The nuclear factor-kappa B (NF-κB) signaling is crucial for inflammation, immunity, cell proliferation and apoptosis(17). It can regulate the expression of CYP450s by directly binding to the CYP450 promoters, or indirectly regulate the expression of NRs (11, 16, 18). In addition, the NF-κB can also enhance the activity of CYP450 at the post-transcriptional level by stabilizing CYP450 proteins (19). Interestingly, previous studies have revealed that some probiotics can inhibit the NF-κB activity (20, 21). However, whether and how probiotics could modulate the expression of CYP450s, such as CYP3A29 in pig intestinal tissues, have not been clarified.

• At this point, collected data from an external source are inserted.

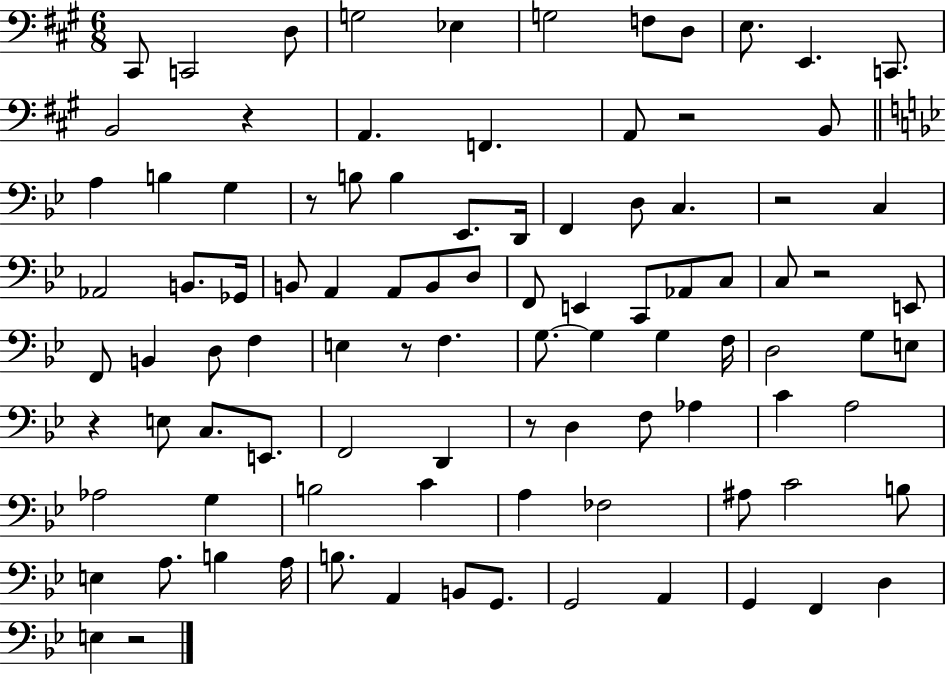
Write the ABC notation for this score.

X:1
T:Untitled
M:6/8
L:1/4
K:A
^C,,/2 C,,2 D,/2 G,2 _E, G,2 F,/2 D,/2 E,/2 E,, C,,/2 B,,2 z A,, F,, A,,/2 z2 B,,/2 A, B, G, z/2 B,/2 B, _E,,/2 D,,/4 F,, D,/2 C, z2 C, _A,,2 B,,/2 _G,,/4 B,,/2 A,, A,,/2 B,,/2 D,/2 F,,/2 E,, C,,/2 _A,,/2 C,/2 C,/2 z2 E,,/2 F,,/2 B,, D,/2 F, E, z/2 F, G,/2 G, G, F,/4 D,2 G,/2 E,/2 z E,/2 C,/2 E,,/2 F,,2 D,, z/2 D, F,/2 _A, C A,2 _A,2 G, B,2 C A, _F,2 ^A,/2 C2 B,/2 E, A,/2 B, A,/4 B,/2 A,, B,,/2 G,,/2 G,,2 A,, G,, F,, D, E, z2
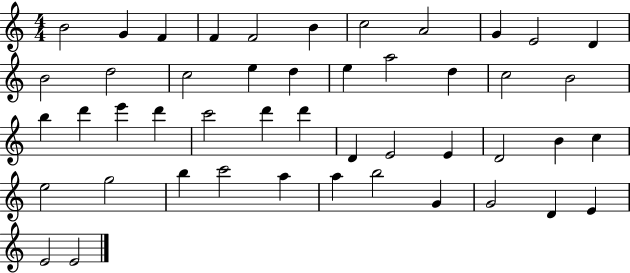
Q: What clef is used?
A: treble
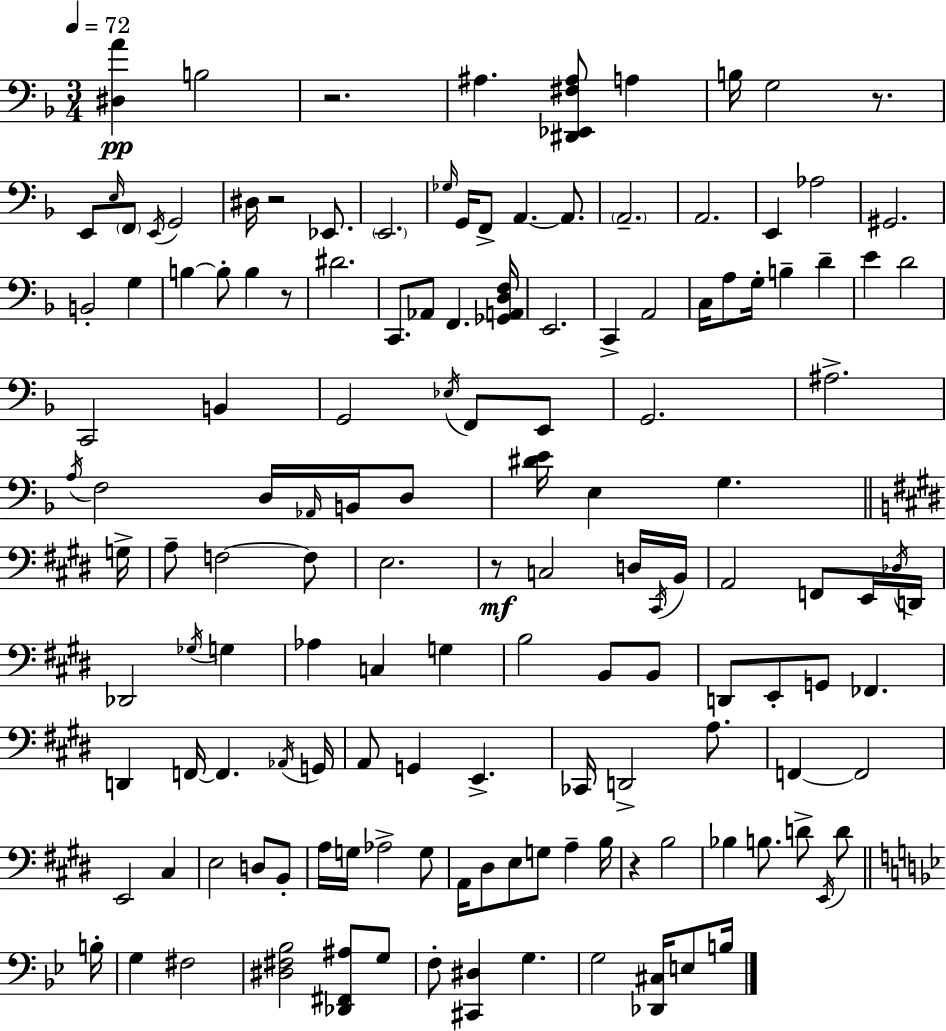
X:1
T:Untitled
M:3/4
L:1/4
K:Dm
[^D,A] B,2 z2 ^A, [^D,,_E,,^F,^A,]/2 A, B,/4 G,2 z/2 E,,/2 E,/4 F,,/2 E,,/4 G,,2 ^D,/4 z2 _E,,/2 E,,2 _G,/4 G,,/4 F,,/2 A,, A,,/2 A,,2 A,,2 E,, _A,2 ^G,,2 B,,2 G, B, B,/2 B, z/2 ^D2 C,,/2 _A,,/2 F,, [_G,,A,,D,F,]/4 E,,2 C,, A,,2 C,/4 A,/2 G,/4 B, D E D2 C,,2 B,, G,,2 _E,/4 F,,/2 E,,/2 G,,2 ^A,2 A,/4 F,2 D,/4 _A,,/4 B,,/4 D,/2 [^DE]/4 E, G, G,/4 A,/2 F,2 F,/2 E,2 z/2 C,2 D,/4 ^C,,/4 B,,/4 A,,2 F,,/2 E,,/4 _D,/4 D,,/4 _D,,2 _G,/4 G, _A, C, G, B,2 B,,/2 B,,/2 D,,/2 E,,/2 G,,/2 _F,, D,, F,,/4 F,, _A,,/4 G,,/4 A,,/2 G,, E,, _C,,/4 D,,2 A,/2 F,, F,,2 E,,2 ^C, E,2 D,/2 B,,/2 A,/4 G,/4 _A,2 G,/2 A,,/4 ^D,/2 E,/2 G,/2 A, B,/4 z B,2 _B, B,/2 D/2 E,,/4 D/2 B,/4 G, ^F,2 [^D,^F,_B,]2 [_D,,^F,,^A,]/2 G,/2 F,/2 [^C,,^D,] G, G,2 [_D,,^C,]/4 E,/2 B,/4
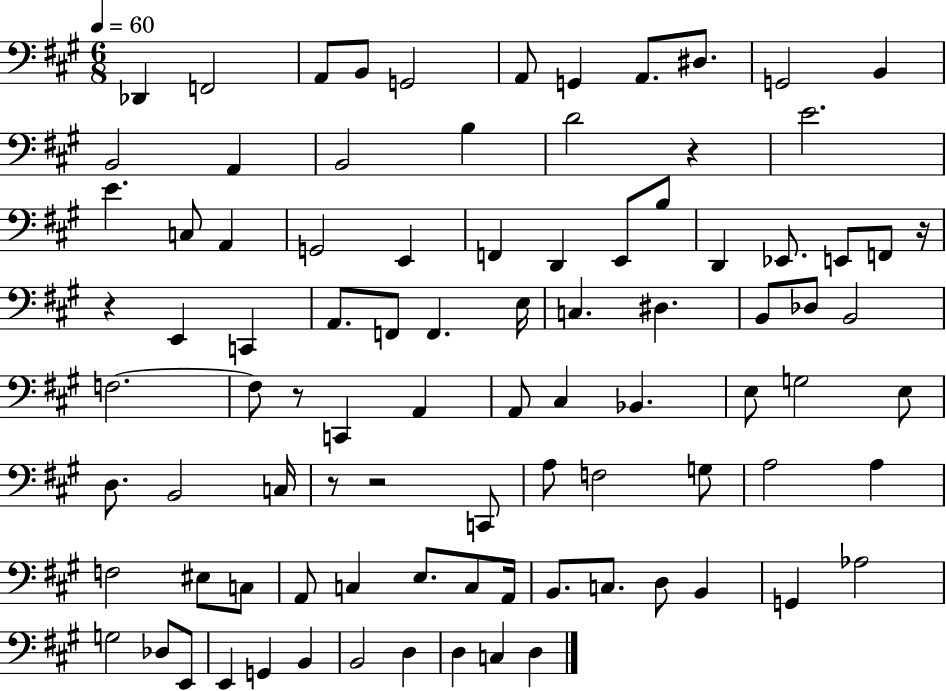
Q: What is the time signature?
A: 6/8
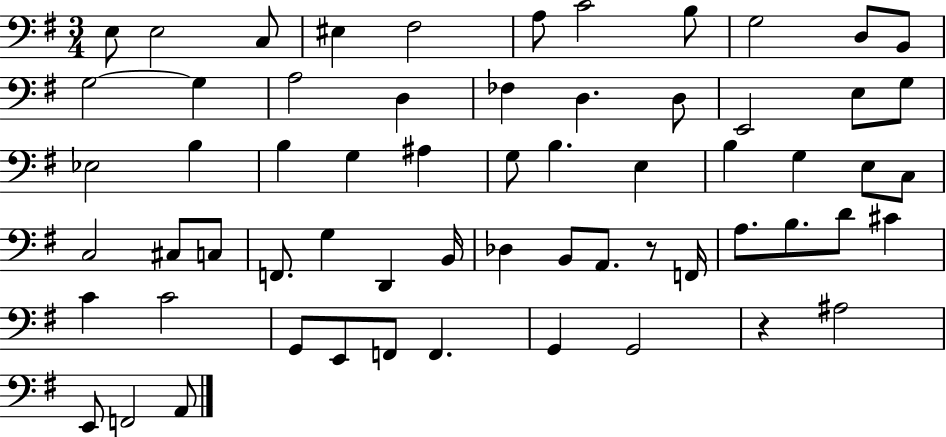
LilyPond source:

{
  \clef bass
  \numericTimeSignature
  \time 3/4
  \key g \major
  e8 e2 c8 | eis4 fis2 | a8 c'2 b8 | g2 d8 b,8 | \break g2~~ g4 | a2 d4 | fes4 d4. d8 | e,2 e8 g8 | \break ees2 b4 | b4 g4 ais4 | g8 b4. e4 | b4 g4 e8 c8 | \break c2 cis8 c8 | f,8. g4 d,4 b,16 | des4 b,8 a,8. r8 f,16 | a8. b8. d'8 cis'4 | \break c'4 c'2 | g,8 e,8 f,8 f,4. | g,4 g,2 | r4 ais2 | \break e,8 f,2 a,8 | \bar "|."
}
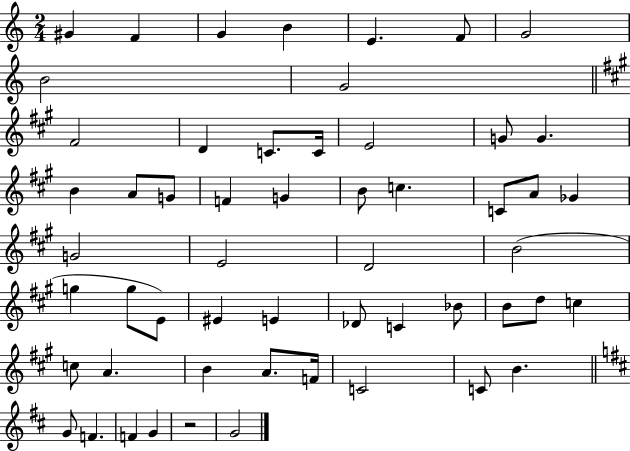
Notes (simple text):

G#4/q F4/q G4/q B4/q E4/q. F4/e G4/h B4/h G4/h F#4/h D4/q C4/e. C4/s E4/h G4/e G4/q. B4/q A4/e G4/e F4/q G4/q B4/e C5/q. C4/e A4/e Gb4/q G4/h E4/h D4/h B4/h G5/q G5/e E4/e EIS4/q E4/q Db4/e C4/q Bb4/e B4/e D5/e C5/q C5/e A4/q. B4/q A4/e. F4/s C4/h C4/e B4/q. G4/e F4/q. F4/q G4/q R/h G4/h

Toll-like receptors (TLRs) act as a type of pattern recognition receptors (PRR) in the innate immune system and TLRs can recognize microbial components to initiate immune responses. TLR2 can directly interact with TLR1 or TLR6 to form a heterodimer and recognize conserved molecular patterns (such as peptidoglycan, lipoteichoic acid, etc.) on the cell wall of Gram-positive bacteria(22, 23). Engagement of TLR2 by the cell wall components of some probiotics can up-regulate the expression of some NF-κB inhibitors, such as A20 (tumor necrosis factor-α-induced protein 3), IRAK-M and Tollip, to inhibit inflammation(20, 21). Actually, A20 is a deubiquitinating enzyme and can inhibit the NF-kB activation (24). Our previous study indicates that Enterococcus faecium HDRsEf1 enhances the expression of occluding, the intestinal tight junction protein, by activating the TLR2 (25). Accordingly, we hypothesize that HDRsEf1 can modulate the expression of CYP3A29 in pig intestinal tissues by modulating the NB-κB signaling.
In this study, we explored the effect of HDRsEf1 on CYP3A29 expression and potential mechanisms in pig intestinal tissues and epithelial IPEC-J2 cells. We found that HDRsEf1 decreased the expression of CYP3A29 in pig intestinal tissues by activating the TLR2 to up-regulate A20 expression, inhibiting the NF-κB activation to attenuate RXR-α expression.